Progressive Growing of GANs for Improved Quality, Stability, and Variation

Overview

Progressive Growing of GANs for Improved Quality, Stability, and Variation
— Official TensorFlow implementation of the ICLR 2018 paper

Tero Karras (NVIDIA), Timo Aila (NVIDIA), Samuli Laine (NVIDIA), Jaakko Lehtinen (NVIDIA and Aalto University)

Representative image
Picture: Two imaginary celebrities that were dreamed up by a random number generator.

Abstract:
We describe a new training methodology for generative adversarial networks. The key idea is to grow both the generator and discriminator progressively: starting from a low resolution, we add new layers that model increasingly fine details as training progresses. This both speeds the training up and greatly stabilizes it, allowing us to produce images of unprecedented quality, e.g., CelebA images at 10242. We also propose a simple way to increase the variation in generated images, and achieve a record inception score of 8.80 in unsupervised CIFAR10. Additionally, we describe several implementation details that are important for discouraging unhealthy competition between the generator and discriminator. Finally, we suggest a new metric for evaluating GAN results, both in terms of image quality and variation. As an additional contribution, we construct a higher-quality version of the CelebA dataset.

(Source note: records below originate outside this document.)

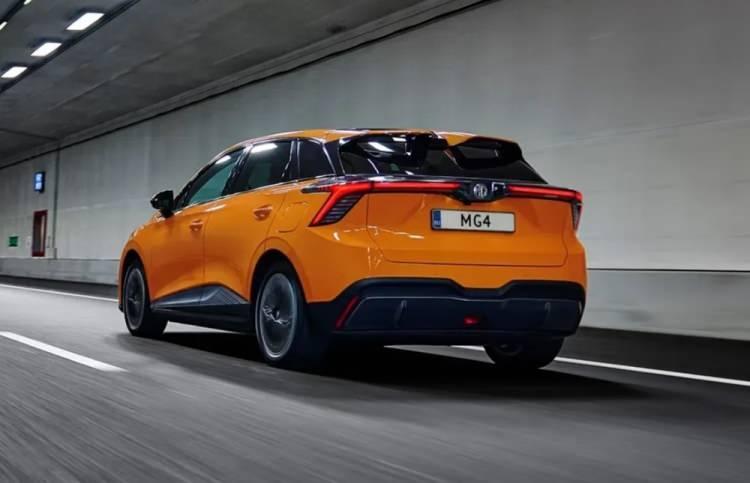 <p>MG</p>

<p>MG MG4 Comfort&nbsp;170 PS 51 kWsa<br />
<br />
<br />
Eyl&uuml;l fiyatı: 1.249.000 TL</p>
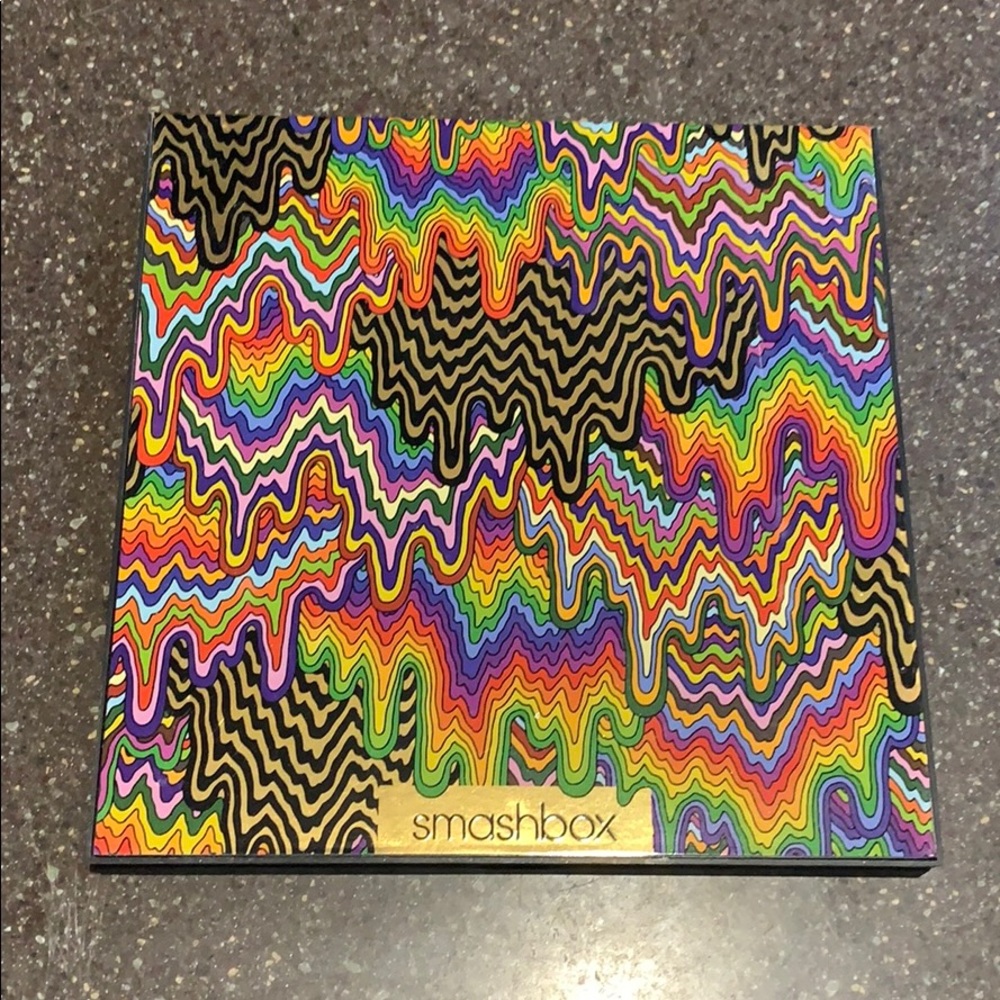 Smashbox holidaze contour palette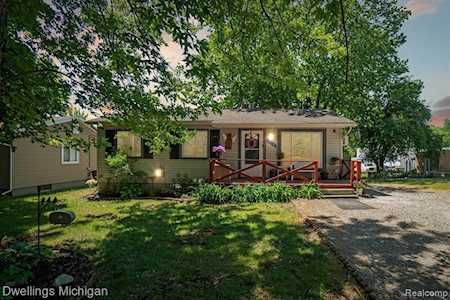 5048 Walsh Dr Brighton Twp, MI 48114
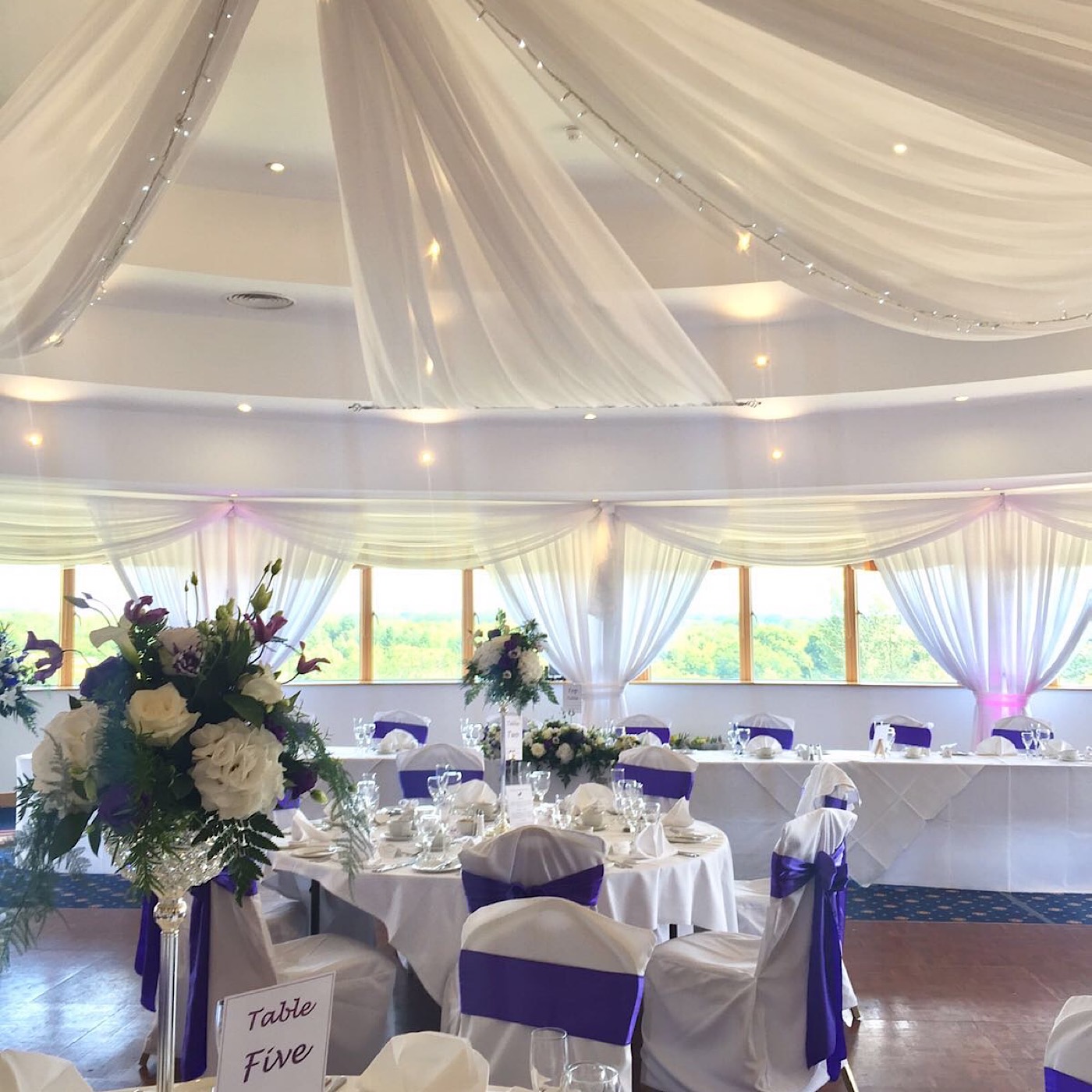 Wedding draping with window drapes in white {{brizy_dc_image_alt imageSrc=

★★★ NEW: StyleGAN2-ADA-PyTorch is now available; see the full list of versions here ★★★

Resources

All the material, including source code, is made freely available for non-commercial use under the Creative Commons CC BY-NC 4.0 license. Feel free to use any of the material in your own work, as long as you give us appropriate credit by mentioning the title and author list of our paper.

Versions

There are two different versions of the source code. The TensorFlow version is newer and more polished, and we generally recommend it as a starting point if you are looking to experiment with our technique, build upon it, or apply it to novel datasets. The original Theano version, on the other hand, is what we used to produce all the results shown in our paper. We recommend using it if — and only if — you are looking to reproduce our exact results for benchmark datasets like CIFAR-10, MNIST-RGB, and CelebA.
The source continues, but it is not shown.